Tags: India, Virender Sehwag, retirement

Published on: Oct 21, 2015

Exciting, exhilarating, enchanting -- these are words you do not usually associate with Test cricket. But, bring Virender Sehwag into the equation, and the five-day game gets redefined. A couple of years before Sehwag made his mark at the international stage, Adam Gilchrist had already made his name as a dashing Test cricketer.

Exciting, exhilarating, enchanting -- these are words you do not usually associate with Test cricket. But, bring Virender Sehwag into the equation, and the five-day game gets redefined. A couple of years before Sehwag made his mark at the international stage, Adam Gilchrist had already made his name as a dashing Test cricketer. But, what Sehwag did at the top of the order may remain unparalleled. After all, he was the pioneer of attacking Test openers, the kind world cricket may never see again.

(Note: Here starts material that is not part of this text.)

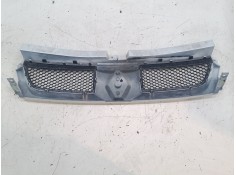 Recambio de rejillas capo para renault trafic ii furgoneta (fl) 1.9 dci 80 (fl0b) referencia OEM IAM    2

His may have run out of favour with selectors in recent years, but his contribution to Indian cricket has been immense.

The biggest irony of Sehwag has been that he became a great Test player, and was average in ODIs, which many cricket pundits believed was supposed to be the other way round. And, the critics could not be faulted. After all, here was a batsman who believed bowlers only existed so that they be hit out of the park by batsmen. Here was a batsman who had scant respect for the age-old, tried and tested theory of seeing off the new ball in the five-day game. For him, it was only about, 'see ball, hit ball', as he once famously said. And yet he succeeded against the best, which is what made Sehwag so special.

The standout aspect of Sehwag's batting was undoubtedly his hand eye co-ordination. As famously known to all, Sehwag hardly moved his foot. Yet, on more occasions that not he was able to get to the pitch of the ball. Sehwag threw the copybook out of the window. And yet, he succeeded. He enthralled. He exhilarated. Sehwag proved how overrated technique can be. He was a maverick in every sense, who developed a style of his own, and stuck to it. Sometimes he did not succeed, but more often than not he did. And so often, that he would go down in history as one of India's biggest match-winners in the Test format.

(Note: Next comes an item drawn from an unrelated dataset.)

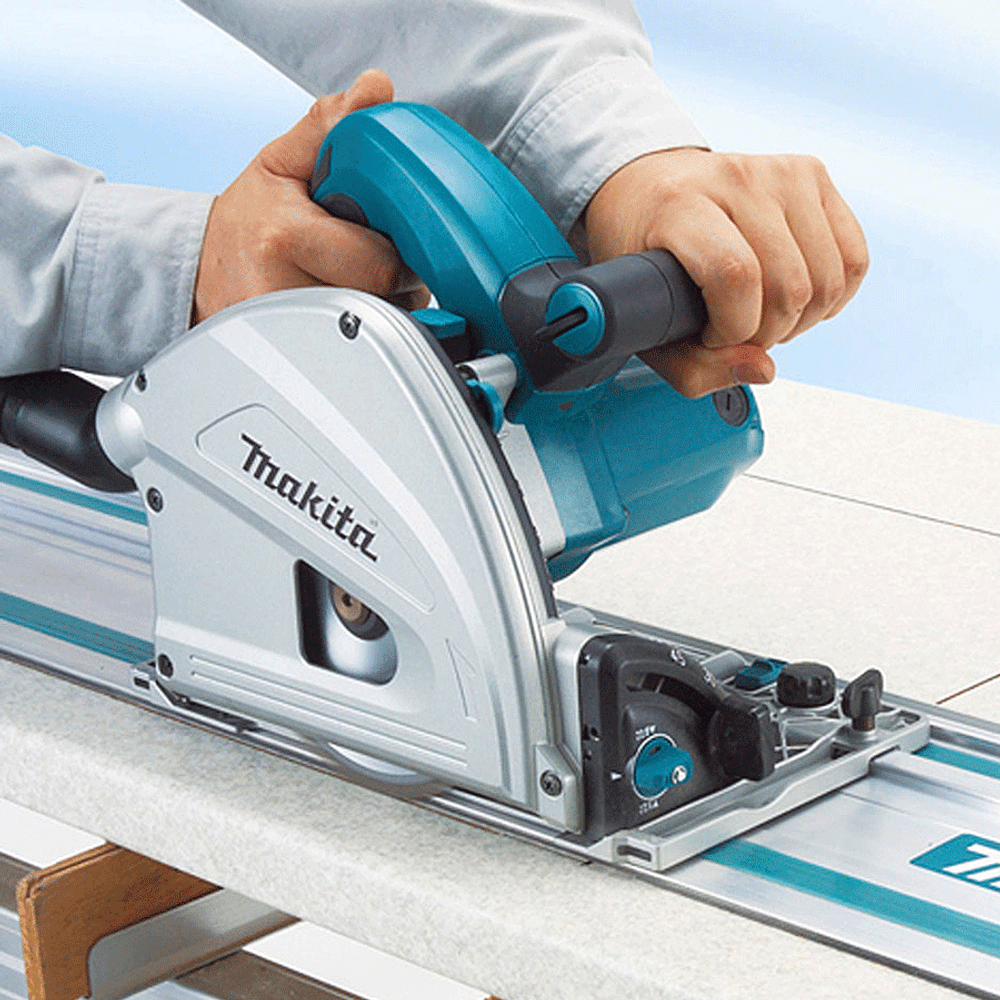 Serra Circular Manual 165 mm 1.300 Watts C/ Maleta SP6000J Makita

Although Sehwag made batting look easy, it still cannot be concluded that he took his batting lightly. His record proves he definitely did not. The Delhi dasher scored runs all over the world, against the best of attacks -- from Bloemfontein to Bangalore and Melbourne to Mumbai. And, he got big runs, more than once batting out an entire day. Sehwag's batting may often seem like a walk in the park to an observer. But, you don't score two triple hundreds, a 293 and more such mammoth scores doing timepass. Sehwag must be given due credit for applying himself, and playing the big knocks on numerous occasions when the team needed them.

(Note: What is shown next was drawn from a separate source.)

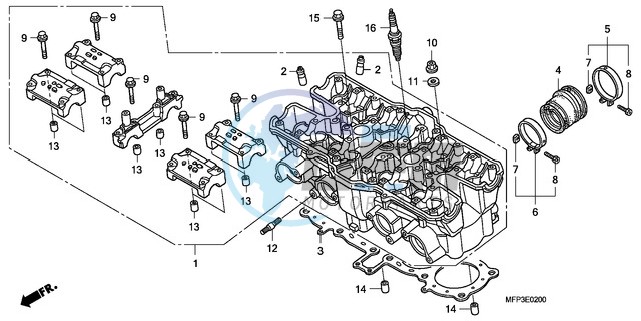 CYLINDER HEAD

The last couple of years that Sehwag represented India in international cricket were not so fruitful. He struggled in England and Australia, and the poor form spilled on in home games as well. His deteriorating eyesight did not help, and even the move to play with glasses on did not change his fortunes. To put it in clichéd terms, Sehwag was a shadow of his original self towards the end. In hindsight, Sehwag should have retired much earlier. But then, few cricketers get their signing off timing right. Cricket will do well to remember Sehwag as the man who revolutionised the role of the Test opener -- one who was a pure entertainer for fans, cricket experts and perhaps even the opposition.